Last week, in the lull between a week of stomach flu and an incipient anguish at the state of things, I did a little self-care in the form of a gallery visit. Lucky for me that I stumbled into The Hole, only a week before the exhibition on view there now closes. Called “Fourteen Paintings,” it’s the first New York solo show for Louisiana-born, Los Angeles–based artist Robert Moreland, who in fact creates work that exists more in the space between painting and sculpture — three-dimensional canvases made from dropcloths, tacks, leather hinges, and acrylic paint, that are hardly paintings at all but rather painted objects that explore how line and color can be disrupted by volume.

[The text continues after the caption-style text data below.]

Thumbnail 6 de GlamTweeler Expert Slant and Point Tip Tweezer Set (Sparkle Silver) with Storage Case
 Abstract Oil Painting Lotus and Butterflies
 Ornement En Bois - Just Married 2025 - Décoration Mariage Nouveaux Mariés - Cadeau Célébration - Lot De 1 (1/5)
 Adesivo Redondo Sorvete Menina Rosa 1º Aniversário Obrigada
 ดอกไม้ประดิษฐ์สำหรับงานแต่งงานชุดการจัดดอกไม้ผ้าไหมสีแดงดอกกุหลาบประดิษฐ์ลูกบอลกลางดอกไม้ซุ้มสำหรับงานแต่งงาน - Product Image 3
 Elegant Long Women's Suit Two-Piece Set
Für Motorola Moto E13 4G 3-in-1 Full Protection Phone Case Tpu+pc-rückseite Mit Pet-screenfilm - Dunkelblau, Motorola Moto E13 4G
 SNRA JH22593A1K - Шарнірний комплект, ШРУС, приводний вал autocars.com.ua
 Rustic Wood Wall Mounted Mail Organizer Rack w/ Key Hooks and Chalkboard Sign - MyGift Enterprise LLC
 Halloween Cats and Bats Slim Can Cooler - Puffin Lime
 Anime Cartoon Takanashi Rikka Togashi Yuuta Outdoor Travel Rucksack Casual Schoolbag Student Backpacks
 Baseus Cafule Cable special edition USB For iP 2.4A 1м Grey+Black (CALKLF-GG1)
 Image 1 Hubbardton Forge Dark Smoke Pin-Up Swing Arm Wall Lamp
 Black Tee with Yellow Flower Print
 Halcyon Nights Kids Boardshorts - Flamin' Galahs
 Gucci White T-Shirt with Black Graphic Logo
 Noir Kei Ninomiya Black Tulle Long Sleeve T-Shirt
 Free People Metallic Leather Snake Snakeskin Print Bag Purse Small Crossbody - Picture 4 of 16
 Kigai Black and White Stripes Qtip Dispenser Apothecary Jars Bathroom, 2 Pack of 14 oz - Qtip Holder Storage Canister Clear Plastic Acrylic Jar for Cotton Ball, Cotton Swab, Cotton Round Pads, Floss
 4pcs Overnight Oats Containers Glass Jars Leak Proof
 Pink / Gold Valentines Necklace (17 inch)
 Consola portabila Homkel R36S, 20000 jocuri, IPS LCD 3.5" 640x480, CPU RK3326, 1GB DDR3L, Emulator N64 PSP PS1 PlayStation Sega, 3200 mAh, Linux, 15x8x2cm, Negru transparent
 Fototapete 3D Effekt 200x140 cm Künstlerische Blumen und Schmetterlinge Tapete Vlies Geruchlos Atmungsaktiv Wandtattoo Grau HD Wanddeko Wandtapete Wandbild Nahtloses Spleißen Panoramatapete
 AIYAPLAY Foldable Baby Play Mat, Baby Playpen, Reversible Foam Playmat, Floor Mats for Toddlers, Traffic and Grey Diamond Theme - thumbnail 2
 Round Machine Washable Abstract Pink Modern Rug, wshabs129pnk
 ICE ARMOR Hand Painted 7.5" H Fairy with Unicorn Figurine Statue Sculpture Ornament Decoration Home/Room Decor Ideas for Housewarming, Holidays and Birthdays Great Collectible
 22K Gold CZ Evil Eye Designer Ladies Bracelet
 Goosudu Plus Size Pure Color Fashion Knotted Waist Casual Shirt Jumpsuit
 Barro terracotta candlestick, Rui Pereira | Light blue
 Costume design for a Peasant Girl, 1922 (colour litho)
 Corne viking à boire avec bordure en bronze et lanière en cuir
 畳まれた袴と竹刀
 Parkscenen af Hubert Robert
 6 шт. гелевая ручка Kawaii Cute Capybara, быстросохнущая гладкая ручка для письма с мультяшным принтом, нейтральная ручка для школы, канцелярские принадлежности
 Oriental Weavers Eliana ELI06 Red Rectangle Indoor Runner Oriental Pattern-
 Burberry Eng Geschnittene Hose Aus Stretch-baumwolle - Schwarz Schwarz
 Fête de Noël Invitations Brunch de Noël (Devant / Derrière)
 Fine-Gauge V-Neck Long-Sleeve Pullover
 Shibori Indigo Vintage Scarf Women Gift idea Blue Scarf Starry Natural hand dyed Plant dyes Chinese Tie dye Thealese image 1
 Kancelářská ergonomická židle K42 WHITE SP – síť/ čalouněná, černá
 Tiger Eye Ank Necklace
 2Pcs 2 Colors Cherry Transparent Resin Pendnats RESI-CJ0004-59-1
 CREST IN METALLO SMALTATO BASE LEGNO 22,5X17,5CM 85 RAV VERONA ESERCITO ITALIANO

“As with sculpture these wall works can appear very different from different angles,” the exhibition statement reads. “One work is a perfect red rectangle from the front, but from either side a jagged, broken red polygon. Light plays across the different angled surfaces as well, changing the tone of the painted colors; one black piece is hit by light on the varied surfaces so as to make many different shades of grey, which when viewed from afar looks like a tonal geometric painting.” From his Chinatown studio, Moreland begins with a four- to six-inch maquette, made from painted card stock. To create the final object, Moreland stretches raw textile over a sanded wood panel, affixing it with tacks. He calls the final pieces “dynamic objects of focus;” if that means you could stare at them for hours and see minute changes every time, then it’s a perfect description. On view until February 4.